A uriko beer vendor in the stands Another uriko working the cheering section

They were selling both Kirin and Asahi beer, plus highballs poured right in front of you, plus Asahi's GINON Lemon — our pick. It's a sugar-free gin lemon sour made by soaking citrus peels in the spirit before distillation. It has a crisp, real lemon taste, and it was very good.

The food

Hanshin fans are known for their beef curry. It's a long-running stadium tradition, and they sell it both at the team store and on Amazon, so it must hold up. We didn't actually get any — but it's apparently the move.

The food stand options at Koshien

Otherwise the menu is a mix: all the Japanese staples — ramen, karaage, gyoza — alongside American ballpark food like fries, hot dogs on a stick, and popcorn.

The 7th-inning balloons

The 7th-inning stretch at a Tigers game means balloons. Everyone inflates a yellow balloon and launches it at once.

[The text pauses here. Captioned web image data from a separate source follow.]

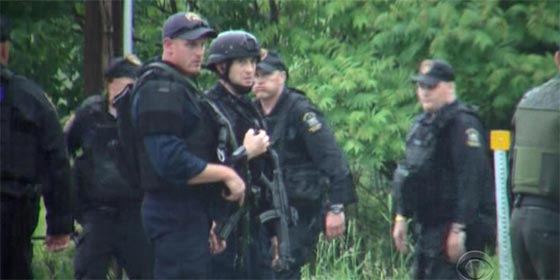 مطاردة مجرمين فرا من سجنهما تكلف نيويورك مليون دولار يوميا!! صورة رقم 4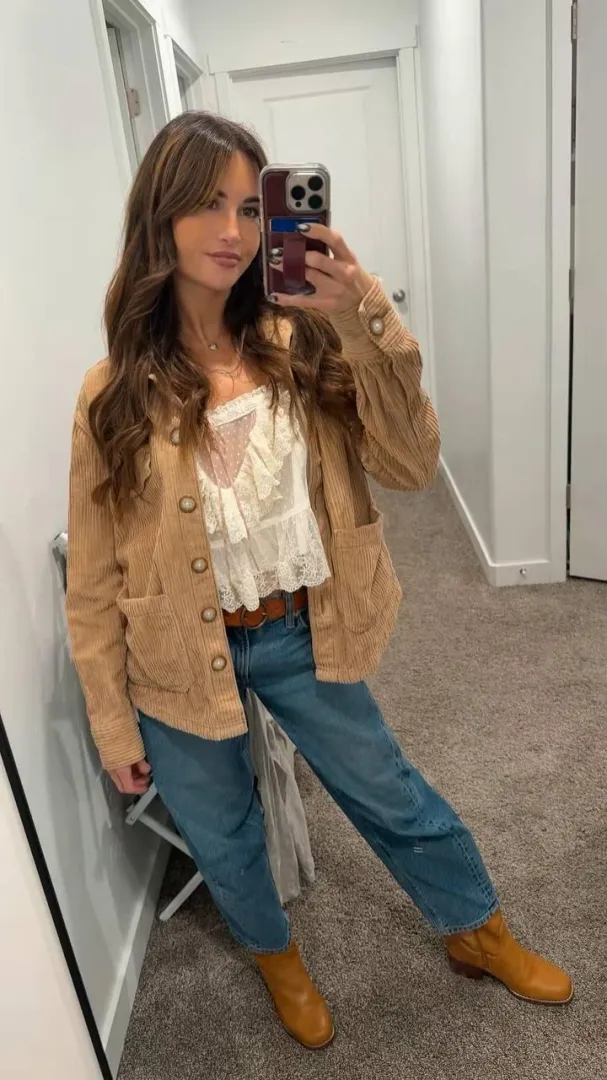 Wanna trade nudes? Just say yeah or nah posted by cutiebunnymoore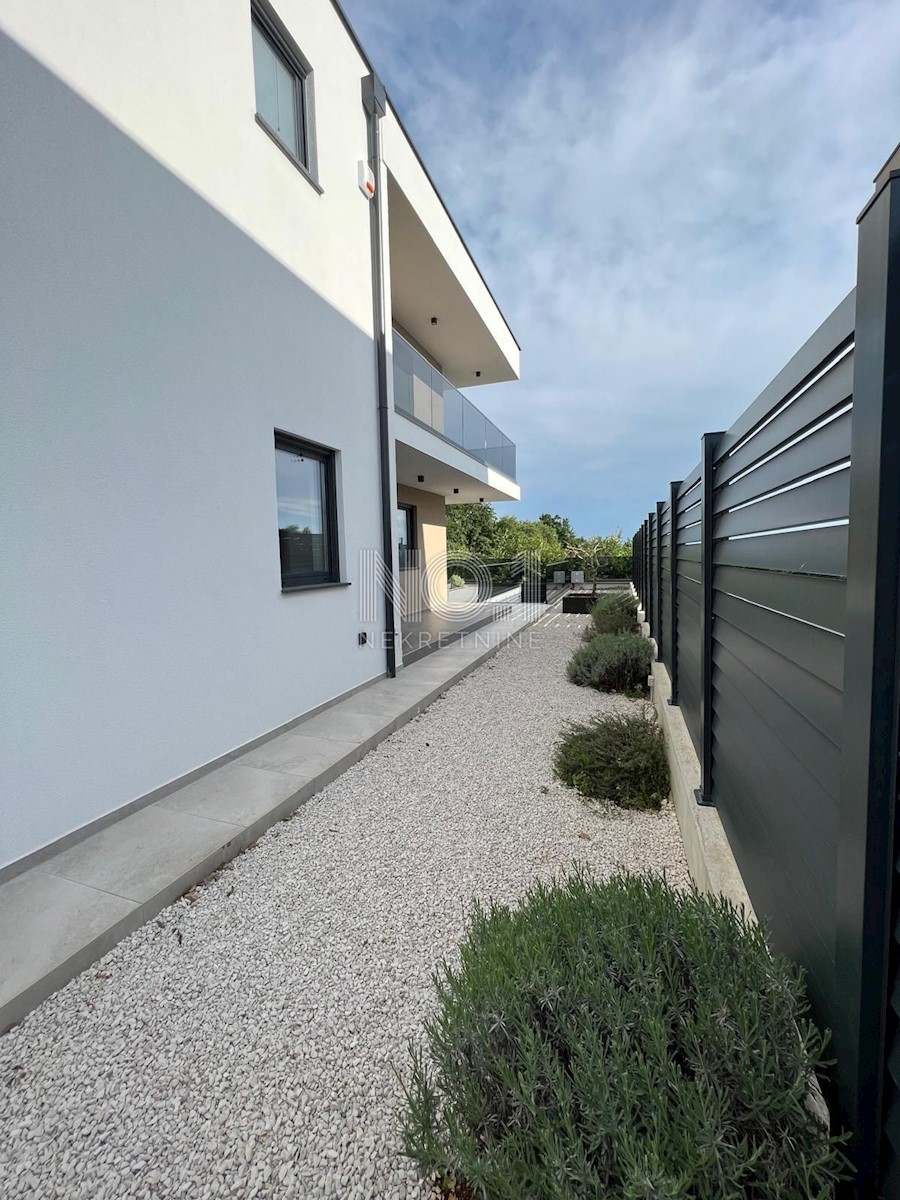 Svetvinčenat - luksuzna moderna vila z bazenom in prostorom za sončenje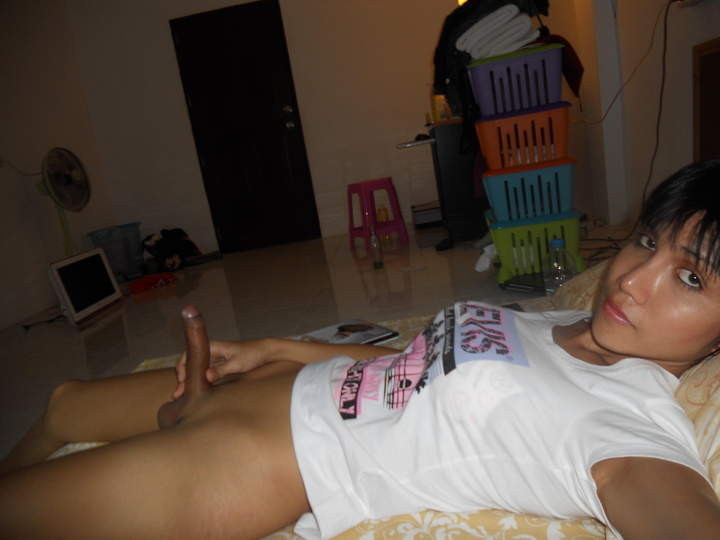 crossdress-luver:  http://crossdress-luver.tumblr.com/ 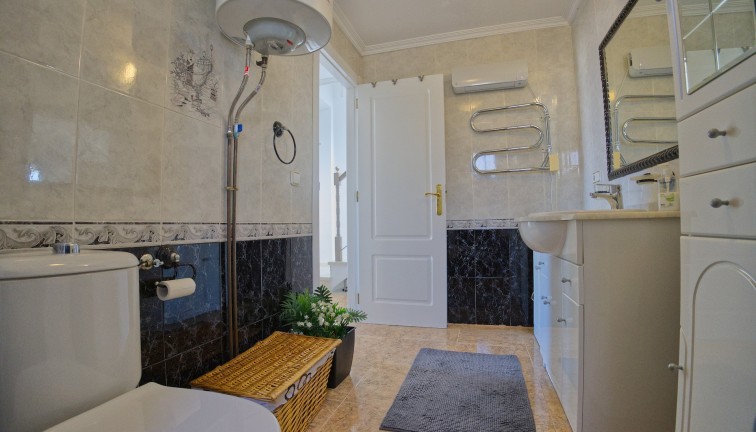 Resale - Chalet - Torrevieja
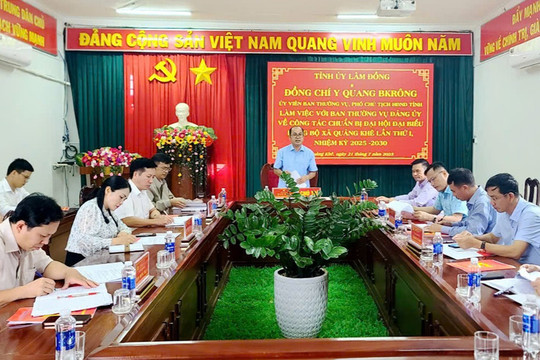 Đồng chí Y Quang BKrông kiểm tra công tác chuẩn bị Đại hội Đảng bộ xã Quảng Khê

I'd bought us a couple ahead of time, along with the little pump you use to fill them.

The yellow balloons and the pump used to inflate them

When they all go up together it's genuinely something to see.

Thousands of yellow balloons released during the 7th-inning stretch

A gift from the couple behind us

I'd read that it's a tradition for fans to share food at the game, and we got to experience it firsthand. The older couple seated behind us handed us a "pole weiner" — a small hot dog wrapped in plastic — and a Miyako Konbu, a vinegared kelp snack, as a kind of peace offering. We thought that was such a generous, specific gesture.

The Miyako Konbu vinegared kelp snack

The actual game: down 7-0, then a walk-off

This happened to be one of the most exciting games I've ever been to.

The Tigers fell behind 7-0. The pitching was rough early, and the Chunichi Dragons were feeling themselves. Then the game flipped: a four-run 7th inning, three more in the 8th. Here's the game-tying hit.

The Koshien scoreboard showing the Tigers' comeback

And then, in the bottom of the 9th, Shota Morishita hit a walk-off home run to win it. The whole stadium came apart. There's video of it on Reddit if you want to see the moment.

We're Japanese baseball fans now

We loved it, full stop. We walked out considering ourselves real Japanese baseball fans, and I half-seriously told Kristine we should find a US cable package that carries NPB.

One last detail: as we got back on the train after the game, a group of Japanese men asked where we were from. When I said Chicago, they immediately lit up — "Seiya! Seiya!" — for Seiya Suzuki, the Cubs outfielder. Baseball is hard to escape here. The Japanese sports channels broadcast West Coast MLB games late at night, especially the Dodgers, so the sport is just always on, in both directions.